### WHAT THE EXERCISE ASKS
The data below is to be written out exactly, with no pictures.
[Start of Attachment]
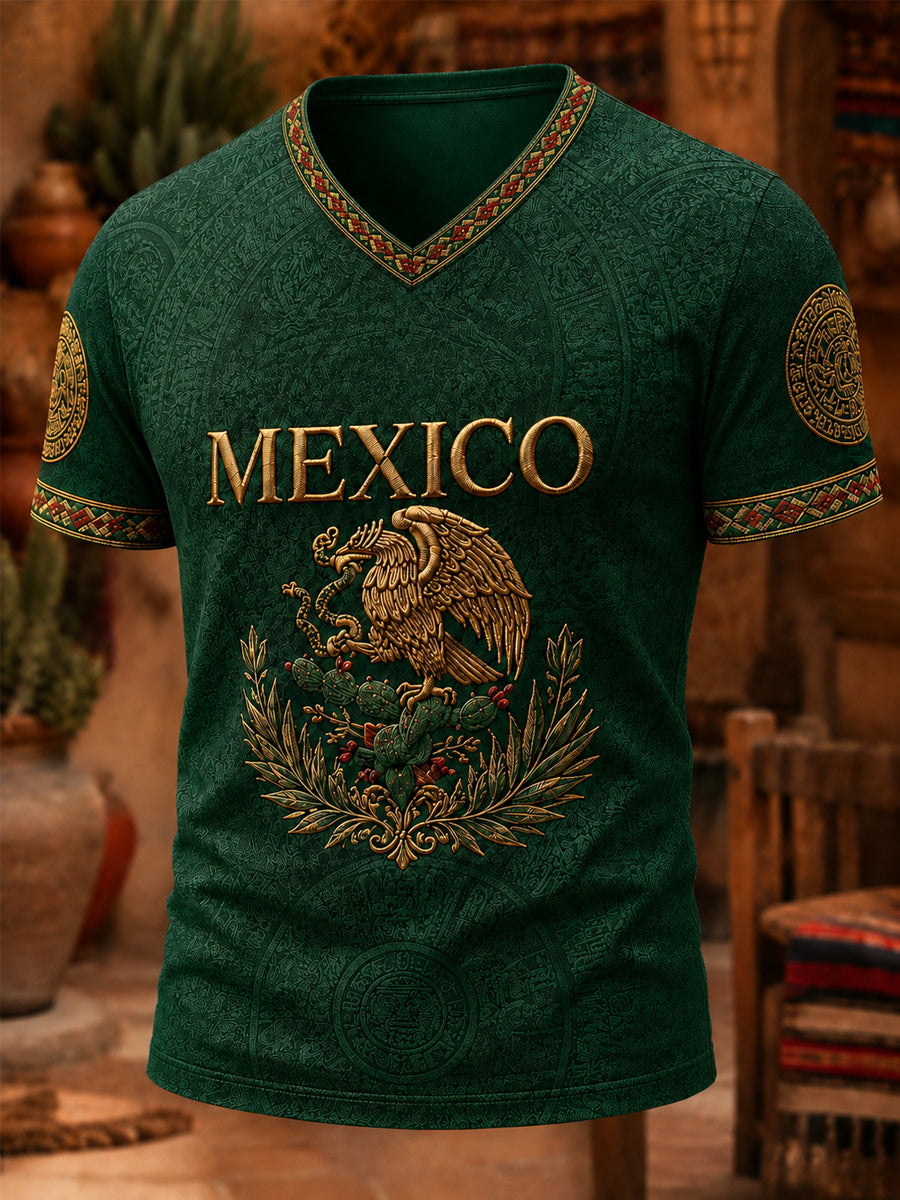 Orgullo mexicano de los hombres Impreso Casual V-Neck Tee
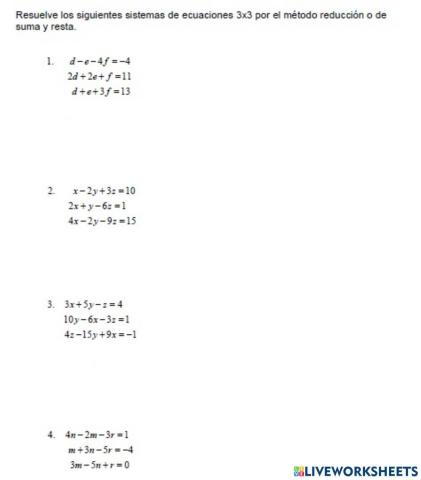 Sistemas de ecuaciones 3x3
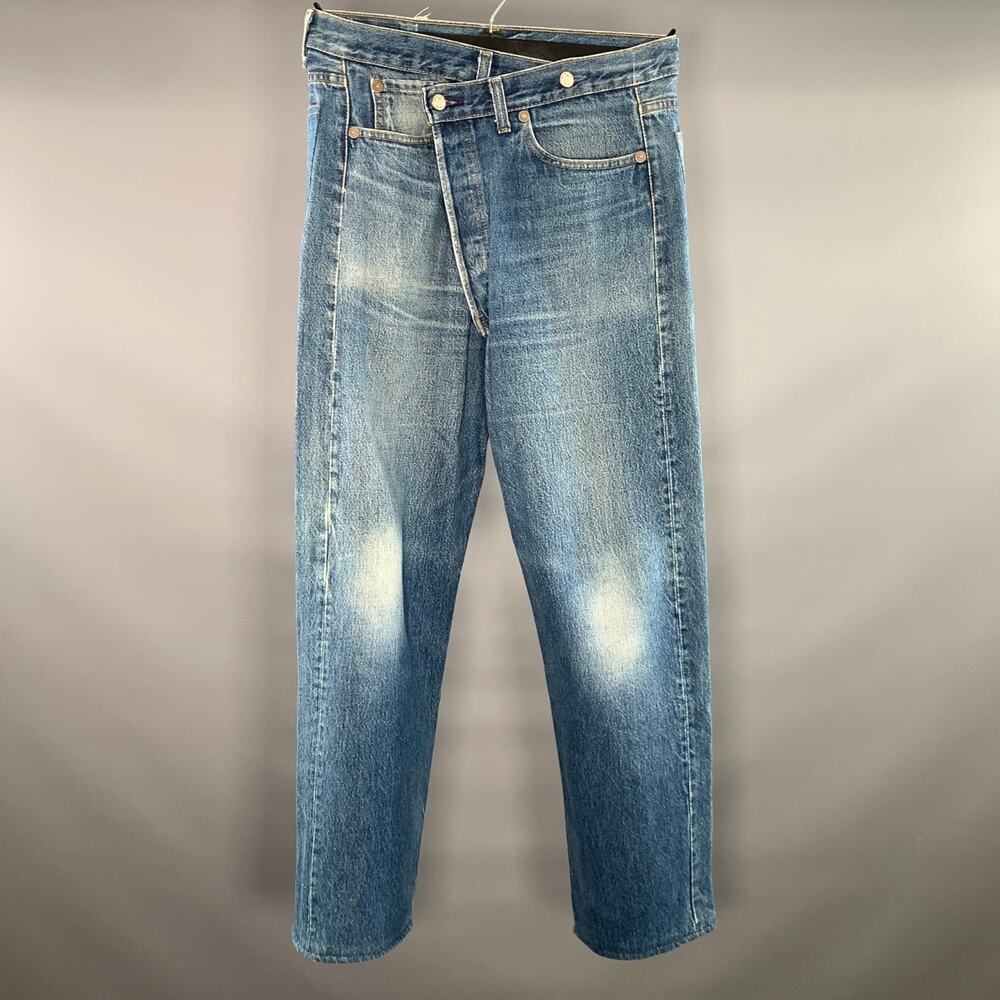 R13 Size 30 Blue Wash Cotton Button Fly Jeans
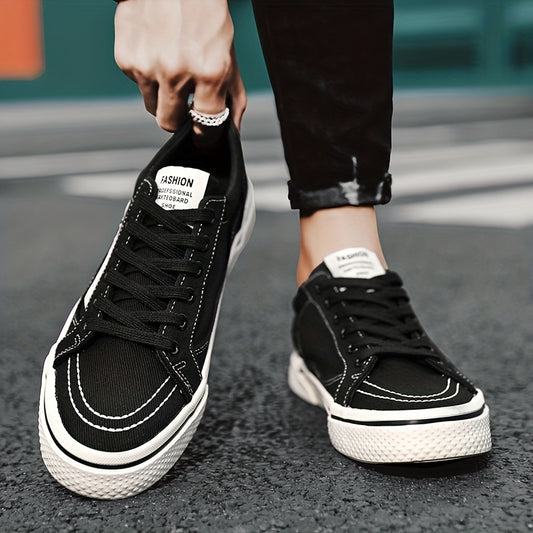 Men's Lace up Canvas Sneakers Skate Shoes Good Grip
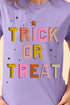 Trick Or Treat Letter Print Short Sleeve Graphic Tee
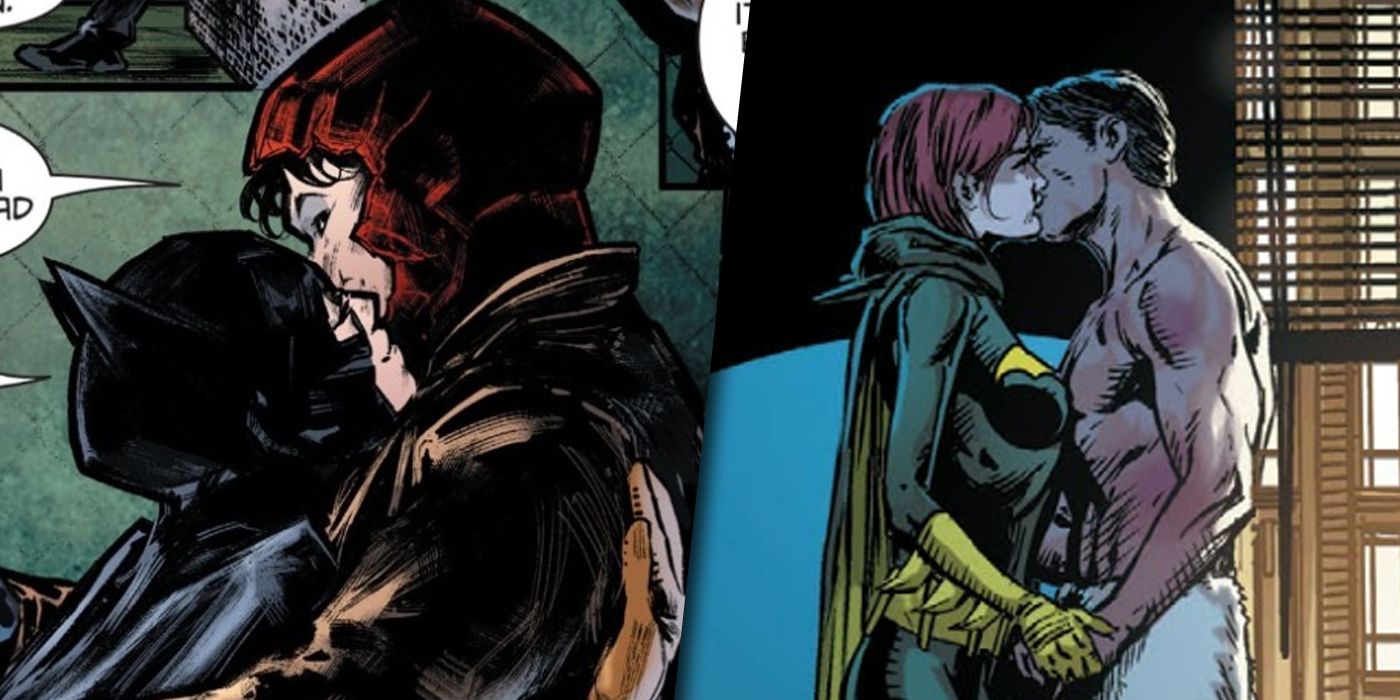 Red Hood and Batgirl hugging and kissing split image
[End of Attachment]
### PROBLEM SOLUTION
 Orgullo mexicano de los hombres Impreso Casual V-Neck Tee
 Sistemas de ecuaciones 3x3
 R13 Size 30 Blue Wash Cotton Button Fly Jeans
 Men's Lace up Canvas Sneakers Skate Shoes Good Grip
 Trick Or Treat Letter Print Short Sleeve Graphic Tee
 Red Hood and Batgirl hugging and kissing split image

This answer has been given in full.